**WORK ORDER**
Would you write out all the records again, exactly?
RECORD EXCERPTS Start Marker
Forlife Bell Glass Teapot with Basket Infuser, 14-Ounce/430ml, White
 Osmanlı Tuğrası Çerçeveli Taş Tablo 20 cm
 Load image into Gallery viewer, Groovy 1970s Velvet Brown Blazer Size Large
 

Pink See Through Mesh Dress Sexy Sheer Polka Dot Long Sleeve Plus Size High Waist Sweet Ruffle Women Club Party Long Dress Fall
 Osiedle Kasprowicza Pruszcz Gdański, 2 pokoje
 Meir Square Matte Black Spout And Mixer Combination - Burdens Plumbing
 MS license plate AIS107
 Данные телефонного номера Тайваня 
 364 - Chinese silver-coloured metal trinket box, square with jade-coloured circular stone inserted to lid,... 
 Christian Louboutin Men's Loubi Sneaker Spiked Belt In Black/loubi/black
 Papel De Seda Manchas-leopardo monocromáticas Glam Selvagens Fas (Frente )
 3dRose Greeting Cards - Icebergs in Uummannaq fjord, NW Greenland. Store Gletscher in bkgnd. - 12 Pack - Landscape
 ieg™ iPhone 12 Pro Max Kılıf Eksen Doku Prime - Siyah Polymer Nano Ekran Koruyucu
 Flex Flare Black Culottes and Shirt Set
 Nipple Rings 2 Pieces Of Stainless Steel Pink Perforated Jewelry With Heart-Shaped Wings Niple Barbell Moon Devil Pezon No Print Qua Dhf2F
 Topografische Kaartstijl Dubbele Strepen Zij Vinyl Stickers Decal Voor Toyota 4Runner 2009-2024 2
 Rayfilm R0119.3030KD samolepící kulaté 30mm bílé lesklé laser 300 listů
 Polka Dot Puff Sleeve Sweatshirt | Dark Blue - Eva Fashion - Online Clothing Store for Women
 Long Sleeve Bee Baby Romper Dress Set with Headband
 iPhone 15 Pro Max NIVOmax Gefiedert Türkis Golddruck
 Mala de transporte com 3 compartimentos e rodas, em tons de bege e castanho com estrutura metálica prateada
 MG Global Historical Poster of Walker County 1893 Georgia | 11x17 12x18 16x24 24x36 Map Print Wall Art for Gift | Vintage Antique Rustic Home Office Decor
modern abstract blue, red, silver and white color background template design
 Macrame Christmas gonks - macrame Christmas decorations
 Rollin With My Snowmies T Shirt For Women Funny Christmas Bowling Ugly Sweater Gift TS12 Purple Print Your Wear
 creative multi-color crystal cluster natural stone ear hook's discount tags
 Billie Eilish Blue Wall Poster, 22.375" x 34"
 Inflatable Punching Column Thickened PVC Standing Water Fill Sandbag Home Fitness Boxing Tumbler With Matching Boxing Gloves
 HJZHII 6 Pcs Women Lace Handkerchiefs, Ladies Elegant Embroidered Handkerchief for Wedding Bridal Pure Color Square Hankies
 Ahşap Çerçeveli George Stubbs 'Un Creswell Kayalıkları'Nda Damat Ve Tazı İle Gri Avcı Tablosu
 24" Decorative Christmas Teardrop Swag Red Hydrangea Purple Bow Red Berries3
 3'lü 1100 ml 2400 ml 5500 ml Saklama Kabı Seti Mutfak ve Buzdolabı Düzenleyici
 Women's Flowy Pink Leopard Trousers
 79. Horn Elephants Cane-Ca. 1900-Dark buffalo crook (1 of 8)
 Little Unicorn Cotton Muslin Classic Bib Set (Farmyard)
RECORD EXCERPTS End Marker
**ANSWER TO THIS TASK**
Forlife Bell Glass Teapot with Basket Infuser, 14-Ounce/430ml, White
 Osmanlı Tuğrası Çerçeveli Taş Tablo 20 cm
 Load image into Gallery viewer, Groovy 1970s Velvet Brown Blazer Size Large
 

Pink See Through Mesh Dress Sexy Sheer Polka Dot Long Sleeve Plus Size High Waist Sweet Ruffle Women Club Party Long Dress Fall
 Osiedle Kasprowicza Pruszcz Gdański, 2 pokoje
 Meir Square Matte Black Spout And Mixer Combination - Burdens Plumbing
 MS license plate AIS107
 Данные телефонного номера Тайваня 
 364 - Chinese silver-coloured metal trinket box, square with jade-coloured circular stone inserted to lid,... 
 Christian Louboutin Men's Loubi Sneaker Spiked Belt In Black/loubi/black
 Papel De Seda Manchas-leopardo monocromáticas Glam Selvagens Fas (Frente )
 3dRose Greeting Cards - Icebergs in Uummannaq fjord, NW Greenland. Store Gletscher in bkgnd. - 12 Pack - Landscape
 ieg™ iPhone 12 Pro Max Kılıf Eksen Doku Prime - Siyah Polymer Nano Ekran Koruyucu
 Flex Flare Black Culottes and Shirt Set
 Nipple Rings 2 Pieces Of Stainless Steel Pink Perforated Jewelry With Heart-Shaped Wings Niple Barbell Moon Devil Pezon No Print Qua Dhf2F
 Topografische Kaartstijl Dubbele Strepen Zij Vinyl Stickers Decal Voor Toyota 4Runner 2009-2024 2
 Rayfilm R0119.3030KD samolepící kulaté 30mm bílé lesklé laser 300 listů
 Polka Dot Puff Sleeve Sweatshirt | Dark Blue - Eva Fashion - Online Clothing Store for Women
 Long Sleeve Bee Baby Romper Dress Set with Headband
 iPhone 15 Pro Max NIVOmax Gefiedert Türkis Golddruck
 Mala de transporte com 3 compartimentos e rodas, em tons de bege e castanho com estrutura metálica prateada
 MG Global Historical Poster of Walker County 1893 Georgia | 11x17 12x18 16x24 24x36 Map Print Wall Art for Gift | Vintage Antique Rustic Home Office Decor
modern abstract blue, red, silver and white color background template design
 Macrame Christmas gonks - macrame Christmas decorations
 Rollin With My Snowmies T Shirt For Women Funny Christmas Bowling Ugly Sweater Gift TS12 Purple Print Your Wear
 creative multi-color crystal cluster natural stone ear hook's discount tags
 Billie Eilish Blue Wall Poster, 22.375" x 34"
 Inflatable Punching Column Thickened PVC Standing Water Fill Sandbag Home Fitness Boxing Tumbler With Matching Boxing Gloves
 HJZHII 6 Pcs Women Lace Handkerchiefs, Ladies Elegant Embroidered Handkerchief for Wedding Bridal Pure Color Square Hankies
 Ahşap Çerçeveli George Stubbs 'Un Creswell Kayalıkları'Nda Damat Ve Tazı İle Gri Avcı Tablosu
 24" Decorative Christmas Teardrop Swag Red Hydrangea Purple Bow Red Berries3
 3'lü 1100 ml 2400 ml 5500 ml Saklama Kabı Seti Mutfak ve Buzdolabı Düzenleyici
 Women's Flowy Pink Leopard Trousers
 79. Horn Elephants Cane-Ca. 1900-Dark buffalo crook (1 of 8)
 Little Unicorn Cotton Muslin Classic Bib Set (Farmyard)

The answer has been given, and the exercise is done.